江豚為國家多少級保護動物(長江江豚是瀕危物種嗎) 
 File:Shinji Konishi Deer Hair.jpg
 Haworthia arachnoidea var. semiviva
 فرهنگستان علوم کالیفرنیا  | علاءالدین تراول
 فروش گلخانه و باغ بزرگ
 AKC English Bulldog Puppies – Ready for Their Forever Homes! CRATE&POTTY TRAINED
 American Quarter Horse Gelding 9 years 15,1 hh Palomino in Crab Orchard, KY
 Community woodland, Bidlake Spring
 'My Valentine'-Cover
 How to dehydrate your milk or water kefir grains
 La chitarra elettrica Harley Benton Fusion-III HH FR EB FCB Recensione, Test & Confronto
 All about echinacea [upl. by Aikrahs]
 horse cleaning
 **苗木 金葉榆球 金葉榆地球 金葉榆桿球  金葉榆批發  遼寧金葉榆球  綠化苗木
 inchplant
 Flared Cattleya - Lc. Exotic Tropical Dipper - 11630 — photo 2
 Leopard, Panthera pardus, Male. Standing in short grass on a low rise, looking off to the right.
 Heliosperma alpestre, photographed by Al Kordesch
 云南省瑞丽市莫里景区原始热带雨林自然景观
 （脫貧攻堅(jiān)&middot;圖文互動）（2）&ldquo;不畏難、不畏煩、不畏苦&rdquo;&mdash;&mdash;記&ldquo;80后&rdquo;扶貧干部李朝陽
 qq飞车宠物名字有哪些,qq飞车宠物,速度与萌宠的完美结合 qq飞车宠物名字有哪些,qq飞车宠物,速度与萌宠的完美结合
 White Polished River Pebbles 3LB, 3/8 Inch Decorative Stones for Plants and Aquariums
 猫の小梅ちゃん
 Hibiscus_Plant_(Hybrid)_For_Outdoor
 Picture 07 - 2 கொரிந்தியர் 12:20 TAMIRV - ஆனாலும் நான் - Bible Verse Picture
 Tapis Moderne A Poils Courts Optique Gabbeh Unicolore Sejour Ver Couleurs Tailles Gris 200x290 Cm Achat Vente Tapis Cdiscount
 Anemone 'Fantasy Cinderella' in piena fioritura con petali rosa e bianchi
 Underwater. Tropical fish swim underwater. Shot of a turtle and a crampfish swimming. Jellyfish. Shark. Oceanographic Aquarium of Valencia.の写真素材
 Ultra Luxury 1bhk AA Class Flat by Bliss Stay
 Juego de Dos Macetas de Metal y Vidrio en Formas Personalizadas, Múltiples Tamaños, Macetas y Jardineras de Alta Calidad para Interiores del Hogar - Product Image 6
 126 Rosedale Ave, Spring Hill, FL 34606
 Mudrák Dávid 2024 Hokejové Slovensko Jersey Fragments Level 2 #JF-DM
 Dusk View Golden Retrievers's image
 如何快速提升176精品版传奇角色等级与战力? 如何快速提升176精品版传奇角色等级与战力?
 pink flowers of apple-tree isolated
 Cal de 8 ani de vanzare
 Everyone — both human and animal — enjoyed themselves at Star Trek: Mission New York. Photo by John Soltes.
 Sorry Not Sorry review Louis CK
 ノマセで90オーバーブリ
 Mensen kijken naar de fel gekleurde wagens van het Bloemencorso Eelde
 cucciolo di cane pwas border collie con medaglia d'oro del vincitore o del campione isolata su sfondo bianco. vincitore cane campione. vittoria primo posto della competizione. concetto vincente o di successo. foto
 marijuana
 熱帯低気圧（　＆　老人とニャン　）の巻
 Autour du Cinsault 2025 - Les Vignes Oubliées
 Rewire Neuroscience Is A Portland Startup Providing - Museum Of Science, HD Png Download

■ EXERCISE PROMPT ■
Write all of the records out again exactly.

■ TASK RESPONSE ■
江豚為國家多少級保護動物(長江江豚是瀕危物種嗎) 
 File:Shinji Konishi Deer Hair.jpg
 Haworthia arachnoidea var. semiviva
 فرهنگستان علوم کالیفرنیا  | علاءالدین تراول
 فروش گلخانه و باغ بزرگ
 AKC English Bulldog Puppies – Ready for Their Forever Homes! CRATE&POTTY TRAINED
 American Quarter Horse Gelding 9 years 15,1 hh Palomino in Crab Orchard, KY
 Community woodland, Bidlake Spring
 'My Valentine'-Cover
 How to dehydrate your milk or water kefir grains
 La chitarra elettrica Harley Benton Fusion-III HH FR EB FCB Recensione, Test & Confronto
 All about echinacea [upl. by Aikrahs]
 horse cleaning
 **苗木 金葉榆球 金葉榆地球 金葉榆桿球  金葉榆批發  遼寧金葉榆球  綠化苗木
 inchplant
 Flared Cattleya - Lc. Exotic Tropical Dipper - 11630 — photo 2
 Leopard, Panthera pardus, Male. Standing in short grass on a low rise, looking off to the right.
 Heliosperma alpestre, photographed by Al Kordesch
 云南省瑞丽市莫里景区原始热带雨林自然景观
 （脫貧攻堅(jiān)&middot;圖文互動）（2）&ldquo;不畏難、不畏煩、不畏苦&rdquo;&mdash;&mdash;記&ldquo;80后&rdquo;扶貧干部李朝陽
 qq飞车宠物名字有哪些,qq飞车宠物,速度与萌宠的完美结合 qq飞车宠物名字有哪些,qq飞车宠物,速度与萌宠的完美结合
 White Polished River Pebbles 3LB, 3/8 Inch Decorative Stones for Plants and Aquariums
 猫の小梅ちゃん
 Hibiscus_Plant_(Hybrid)_For_Outdoor
 Picture 07 - 2 கொரிந்தியர் 12:20 TAMIRV - ஆனாலும் நான் - Bible Verse Picture
 Tapis Moderne A Poils Courts Optique Gabbeh Unicolore Sejour Ver Couleurs Tailles Gris 200x290 Cm Achat Vente Tapis Cdiscount
 Anemone 'Fantasy Cinderella' in piena fioritura con petali rosa e bianchi
 Underwater. Tropical fish swim underwater. Shot of a turtle and a crampfish swimming. Jellyfish. Shark. Oceanographic Aquarium of Valencia.の写真素材
 Ultra Luxury 1bhk AA Class Flat by Bliss Stay
 Juego de Dos Macetas de Metal y Vidrio en Formas Personalizadas, Múltiples Tamaños, Macetas y Jardineras de Alta Calidad para Interiores del Hogar - Product Image 6
 126 Rosedale Ave, Spring Hill, FL 34606
 Mudrák Dávid 2024 Hokejové Slovensko Jersey Fragments Level 2 #JF-DM
 Dusk View Golden Retrievers's image
 如何快速提升176精品版传奇角色等级与战力? 如何快速提升176精品版传奇角色等级与战力?
 pink flowers of apple-tree isolated
 Cal de 8 ani de vanzare
 Everyone — both human and animal — enjoyed themselves at Star Trek: Mission New York. Photo by John Soltes.
 Sorry Not Sorry review Louis CK
 ノマセで90オーバーブリ
 Mensen kijken naar de fel gekleurde wagens van het Bloemencorso Eelde
 cucciolo di cane pwas border collie con medaglia d'oro del vincitore o del campione isolata su sfondo bianco. vincitore cane campione. vittoria primo posto della competizione. concetto vincente o di successo. foto
 marijuana
 熱帯低気圧（　＆　老人とニャン　）の巻
 Autour du Cinsault 2025 - Les Vignes Oubliées
 Rewire Neuroscience Is A Portland Startup Providing - Museum Of Science, HD Png Download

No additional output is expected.